E não é uma questão de mera percepção ao alcance dos cidadãos. Ainda há menos de duas semanas, foi tornado público o Relatório da Regulação do sector relativo a 2010, em cuja introdução o presidente do Conselho Regulador da ERC, Azeredo Lopes, escrevia:
“A tendência actual para a prática de taxas de descontos inimagináveis (…) vai, obrigatoriamente, fazer com que a concorrência pela publicidade (que cada vez mais parece a peau de chagrin de que falava um autor) seja cada vez mais agressiva. Para dar um exemplo concreto, e como descrição mais precisa do fenómeno, foram reportados e demonstrados perante o regulador situações em que um operador generalista cobrava um preço tal por spot que, pura e simplesmente, concorria, directamente, com um determinado jornal local”.
E passo à seguinte – a alegação de Eduardo Cintra Torres segundo a qual “cresce o número de pessoas que considera a RTP inútil, que não se revê nela, que defende a sua extinção”.
“Trata-se”, acrescenta, “de um movimento social em crescimento que ninguém pode ignorar e que revela bem o desacordo dos conteúdos da RTP com o que esse número crescente de pessoas esperaria.
Não sendo um cientista social e sendo obviamente incompetente para discutir tal asserção, bem poderia afirmar que a minha percepção junto de outras realidades que estão para além das caixas de comentários na Internet não vão no mesmo sentido.
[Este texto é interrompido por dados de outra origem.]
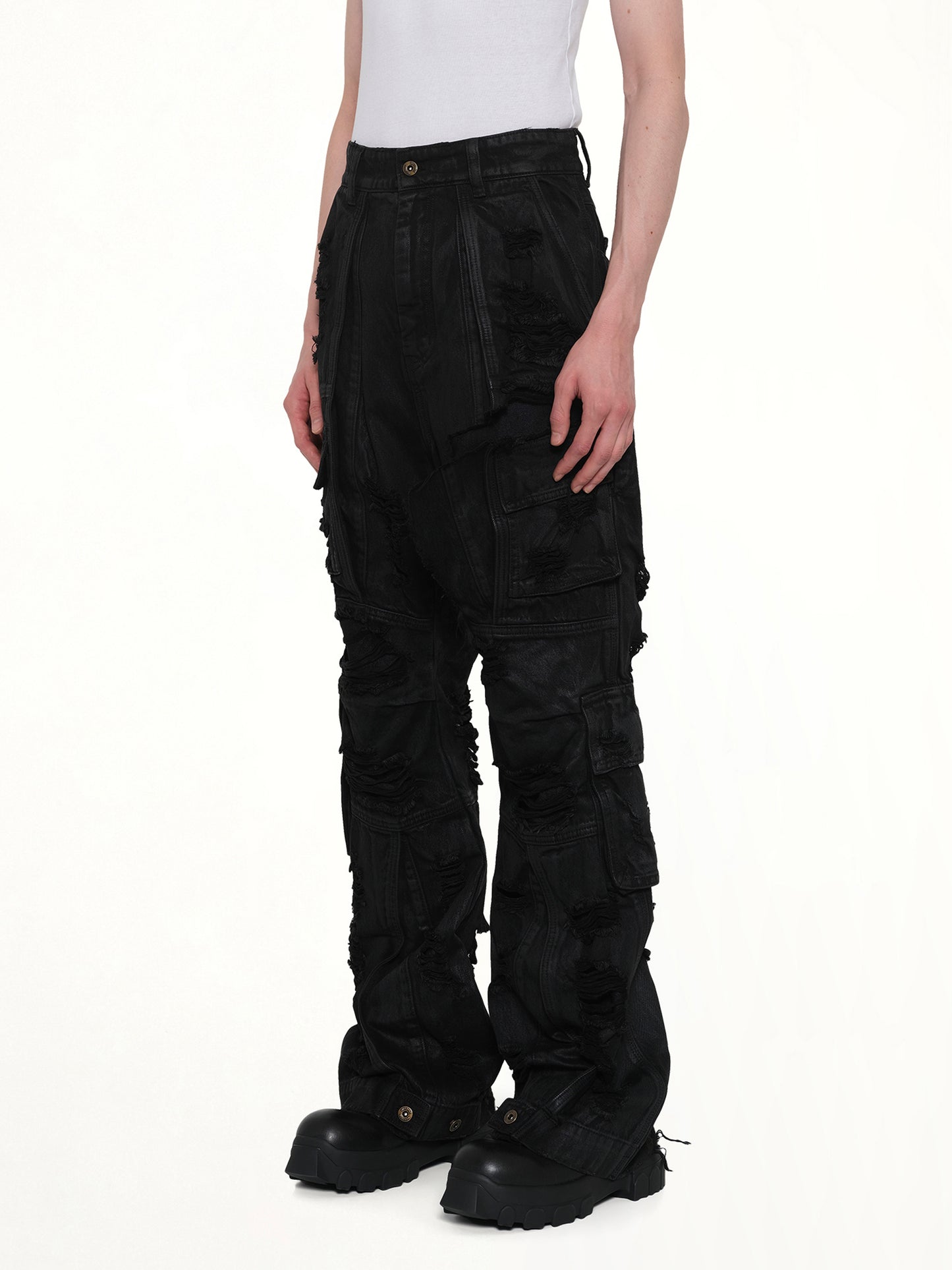 Double-Layer Trousers in Black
Valendo a minha percepção (aliás interessada…) o que vale, sempre posso trazer aqui uma notícia bem recente (ontem mesmo) do jornal “Público”, sobre as conclusões a que chegou um estudo do Obercom, segundo as quais:
a)      A maioria dos inquiridos (1258) considera que o serviço público de televisão é importante e deve existir;
b)      Esse serviço garante uma cobertura mais eficaz dos acontecimentos do que os outros operadores;
c)       É também o mais activo na promoção da língua portuguesa;
d)      Assegura a independência face aos organismos públicos/governamentais;
e)      Promove de forma mais activa as questões da cidadania
É verdade que as caixas de comentários nas notícias na Rede e postais na blogosfera e redes sociais tendem com frequência a propor a extinção da RTP. Fazem-no sobretudo em reacção a textos alusivos à recorrente temática do défice da empresa (aliás recorrente desde logo no discurso do Governo) ou simplesmente contaminados por eles, dado o seu manifesto predomínio no espaço público, em detrimento do debate mais amplo.
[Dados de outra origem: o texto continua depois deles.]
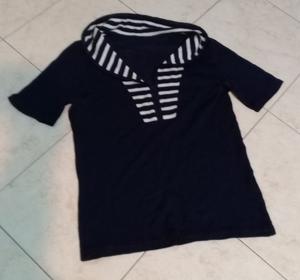 BLUSA AZUL MARINO MARINERA TALLE M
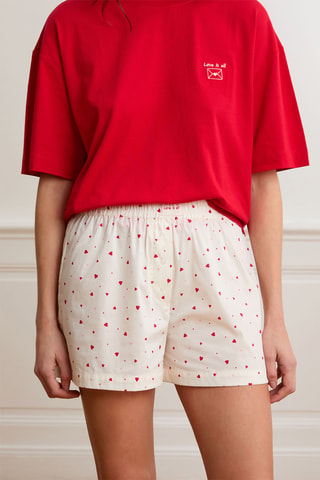 Short de pyjama Boyfriend - Blanc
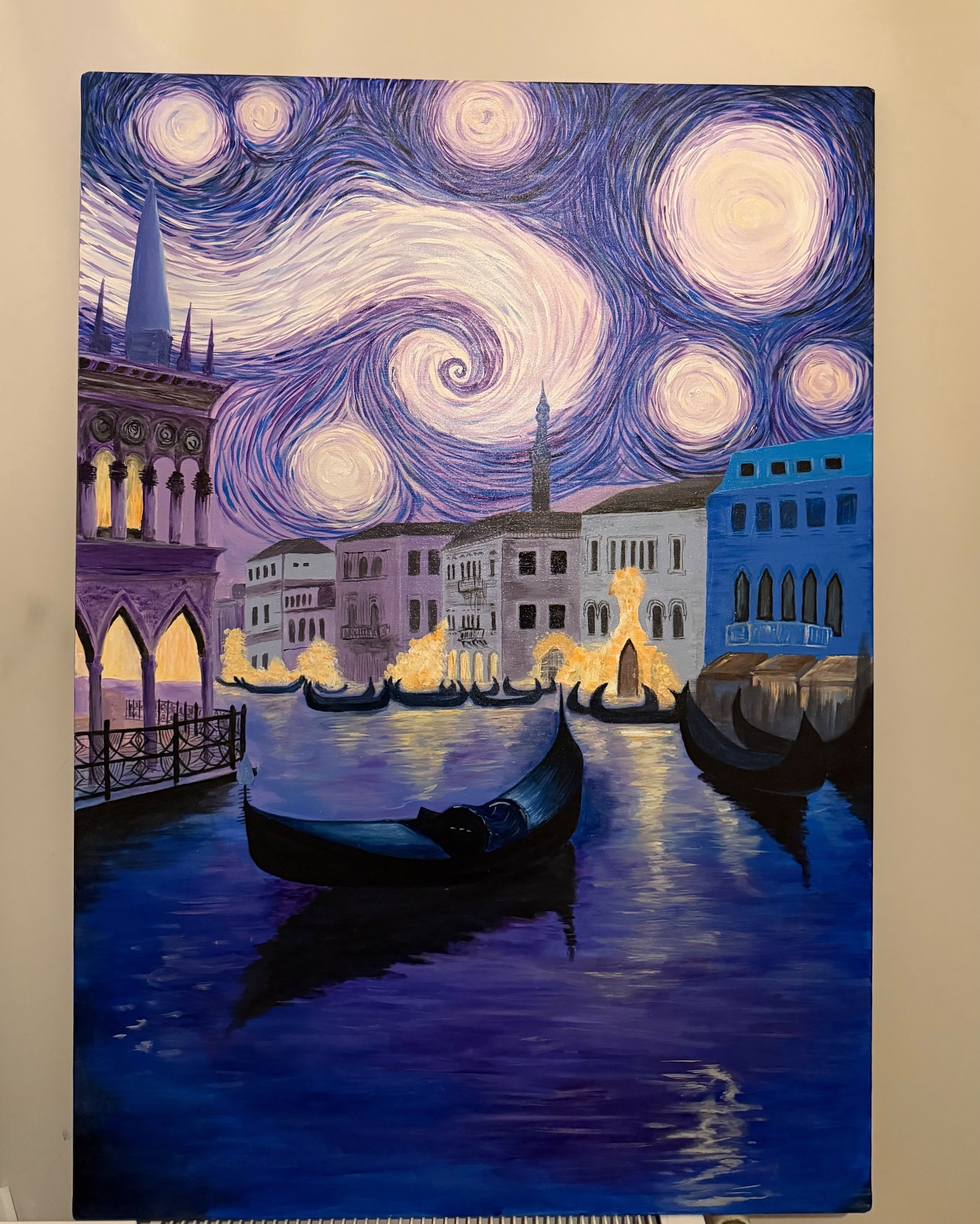 Venice under the stars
Nesse contexto, e passe o que poderia parecer um preconceito intelectual contra a participação dos cidadãos, é possível identificar nessa torrente o predomínio de fórmulas excessivamente simplistas, redutoras e até mesquinhas de encarar o problema, especialmente quando se discutem… retribuições…
A discussão dos custos elevados da RTP e da sua racionalidade e justificação é útil e necessária e deve ser feita sem complexos e com toda a clareza. Mas deve ter em conta não apenas a alocação de recursos à vastidão e à complexidade das obrigações que lhe estão cometidas pela lei e pelo contrato de concessão, mas também do enorme potencial (capacidade técnica e profissional, por exemplo) ainda por explorar em boa parte, designadamente no domínio da produção própria de programas, incluindo a concepção original  – da informação à ficção, do entretenimento à educação, do património natural e cultural à criação artística e literária.
E aqui chego à questão da nova arquitectura (minimalista) do serviço público proposta por Cintra Torres. Se a RTP (e a RDP) empenhasse em mais produção própria – para si e para o mercado, pois então! – os seus meios, capacidades e experiência e explorasse plenamente o precioso filão literário, artístico, patrimonial, natural e paisagístico, cultural, turístico, social e económico do país, bem como a capacidade – instalada e emergente – nas áreas da música e artes do espectáculo e do audiovisual informativo, documental e de ficção, quer em criações novas, quer em divulgação dos arquivos, o dispositivo de canais já hoje à disposição do público, no país e fora dele, seria manifestamente insuficiente.